# I still can't remove the axle nut



## dmkim01 (Aug 31, 2005)

I still can't even loosen the axle nut 

--------------------------------------------------------------------------------

I bought a breaker bar but the axle nut wont budge. I turn it counter- clock wise right? I jam the lug nut bolts with a pipe, but the pipe and the lug nut bolts just start bending. When I pull the breaker bar, the front hubs also just start steering to one side. How do people remove this nut without a air tool?

Should the steering wheel be locked? Will that help or damage the mechanism? What are you guys using to jam the lug nut bolts from turning? Didn't your lug nut bolts bend? Even if it does, just bend them back? 

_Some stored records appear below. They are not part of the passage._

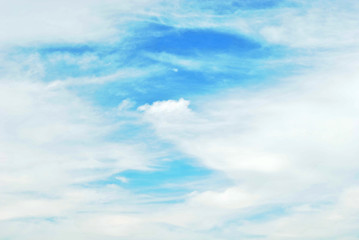 Fototapeta premium Beautiful cloudy sky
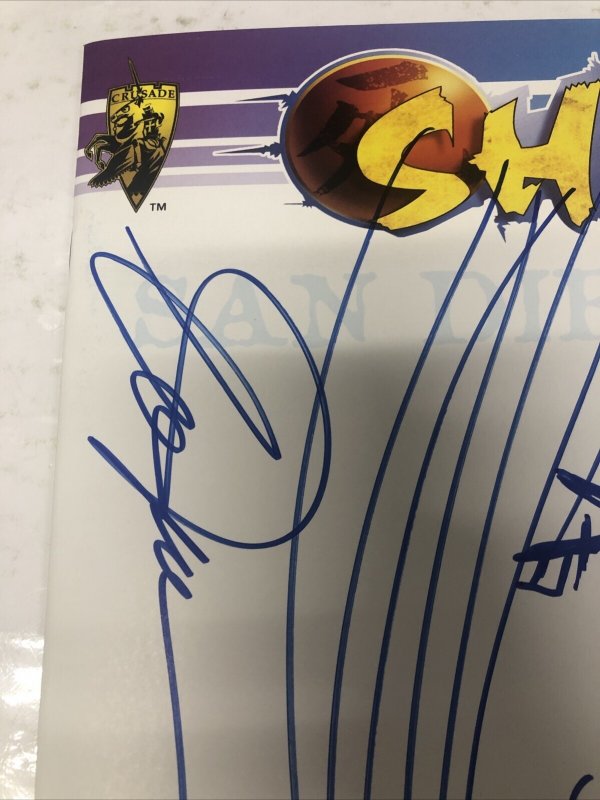 Shi : Art Of War TourBook San Diego Edition • Signed & Sketch William Tucci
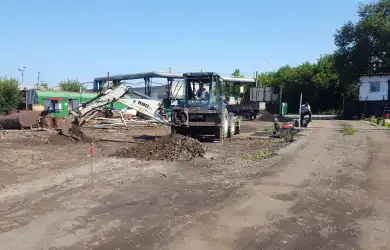 Устройство Ж/Б фундамента под автомобильные весы ООО 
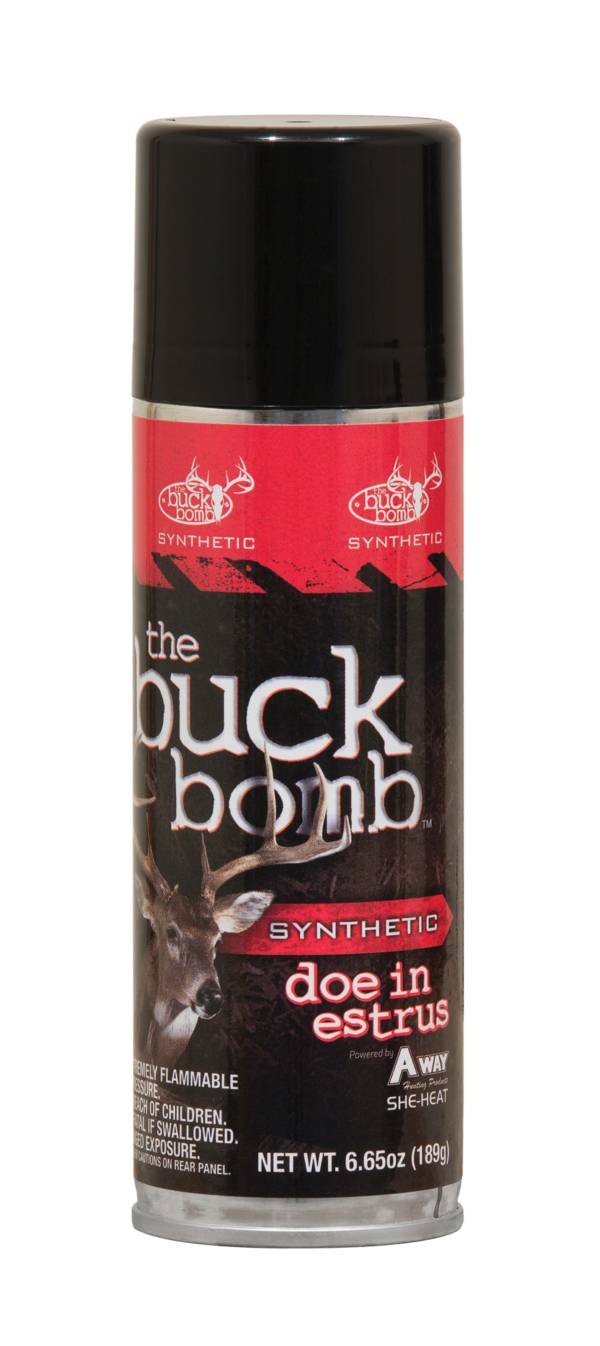 Buck Bomb Synthetic Doe in Estrus Deer Attractant Spray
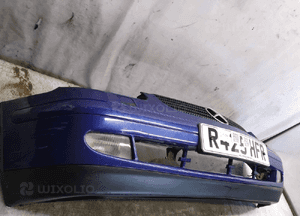 Zderzak przód przedni mercedes slk 230K 2D cabrio spryskiwacze lamp xenon niebieski 4
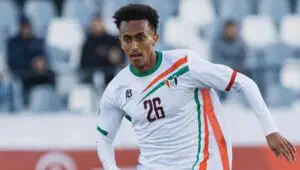 Coup fantastique ! Abdallah marque un but magistral contre le Sénégal lors des play-offs de la Coupe d'Afrique des Nations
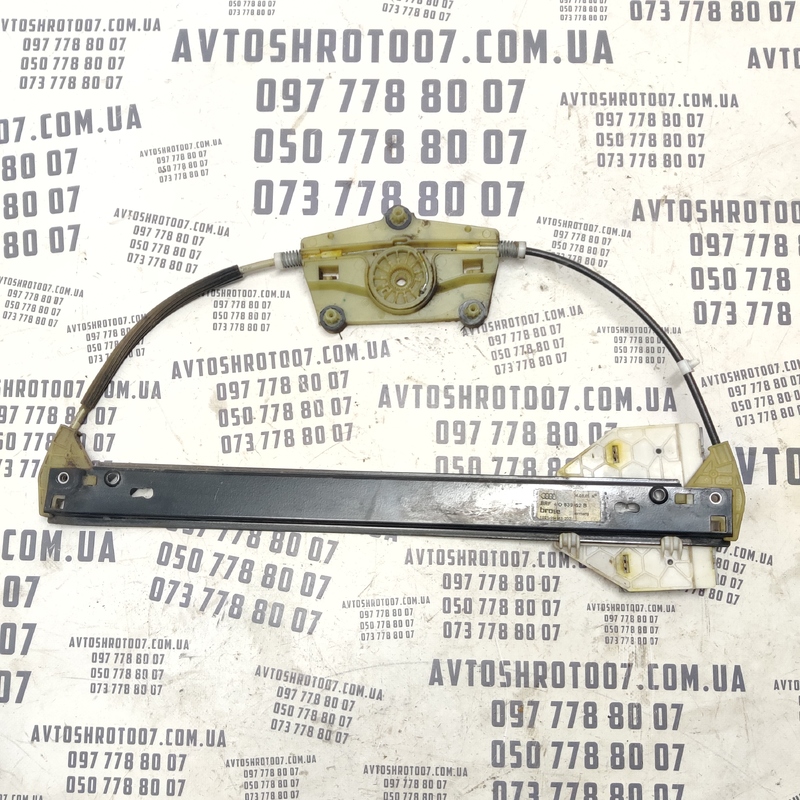 Склопідіймач Audi A6 C6 (04-11) 2.0 TDI зад. пр. 4F0839462B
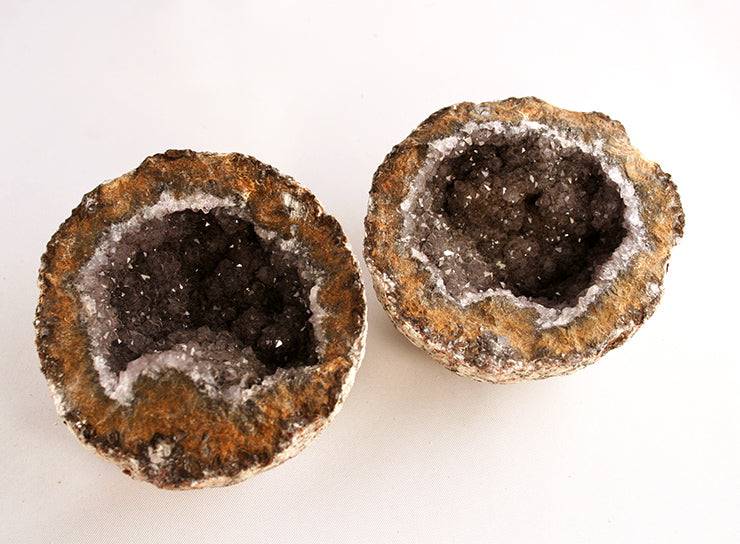 Geode  -Las Choyas - pair - front view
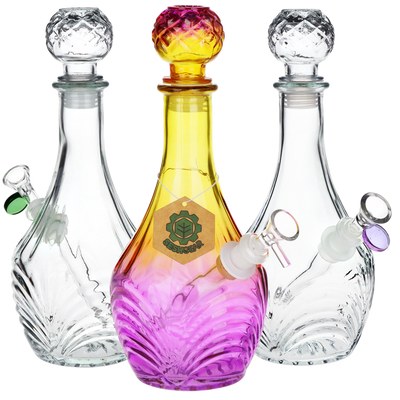 SeshGear High Stripe Vintage Decanter Bong | Group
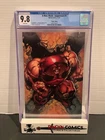 X-men: Black - Juggernaut # 1 CGC 9.8 J Scott Campbell Virgin Marvel 2018 [EM1]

I loved this car. I would love to fix it myself. Or else, I will have to junk it. It doesn't make finalcial sense to take it to the dealer. ($500)

Thanks.


----------



## classicgti-r (Aug 6, 2005)

dmkim01 said:


> I still can't even loosen the axle nut
> 
> --------------------------------------------------------------------------------
> 
> ...


well first off you posted axle nut, but your writing lug nut, which is it, if you are talking about the axle nut yes counter clockwise.. Hopefully you took the cotterpin out first, lock your steering wheel straight, and stand on the breakerbar bounce on it if you have to it'll break loose, also try some wd 40 or some kind of lube you gotta remember how much torque those nuts see all day everyday....just keep working at it you'll get it, and no locking the steering wheel won't damage it.


----------



## B13turbo93 (Nov 19, 2004)

Dude how far from a local shop are you (1-5 miles) me a buddy once couldnt get the axle nut off of 323 GTX, so we drove 5 min.(3 1/2 miles) down the road to this ******* shop and they took there impact wrench to it and only tightened it slightly, only cost us 5 bucks! Worked like a charm, see ******** can be usefull sometimes. God Bless the General Lee!


----------



## ALSET (Aug 18, 2005)

If all else fails put the tire back on and drop it back on the ground to break it loose. You can get a lot more ass into it if you dont have to try to hold the hub from spinning. Once you break it loose put it back in the air and go on .


----------



## Twiz (Aug 24, 2004)

Yeah lower the car back on the ground like ALSET said, you have to be nuts to try to loosen the axle nut while the car's on jacks. I had the same problem... I used a 5 ft. 1" black pipe as an extension over the breaker bar... you need more torque. Grab the 5 ft. bar from the other end and pull it... If that bar bends...then slip a 5ft. 1 1/4" pipe over the 5ft. 1" pipe and pull on both... I don't give up that easy.


----------



## Slacky (May 31, 2004)

spray the crap out of it with monkey piss aka pb blaster its REALLY good penetrating fluid for this kinda stuff , even beter wtih rusted bolts but anyway like everyone else says breaker bar with a custom extension (long ass pipe) and jump on it , and i would deff recogmend throwong the tire on and puting it on the ground. DONT GIVE UP IT DOES COME OFF


----------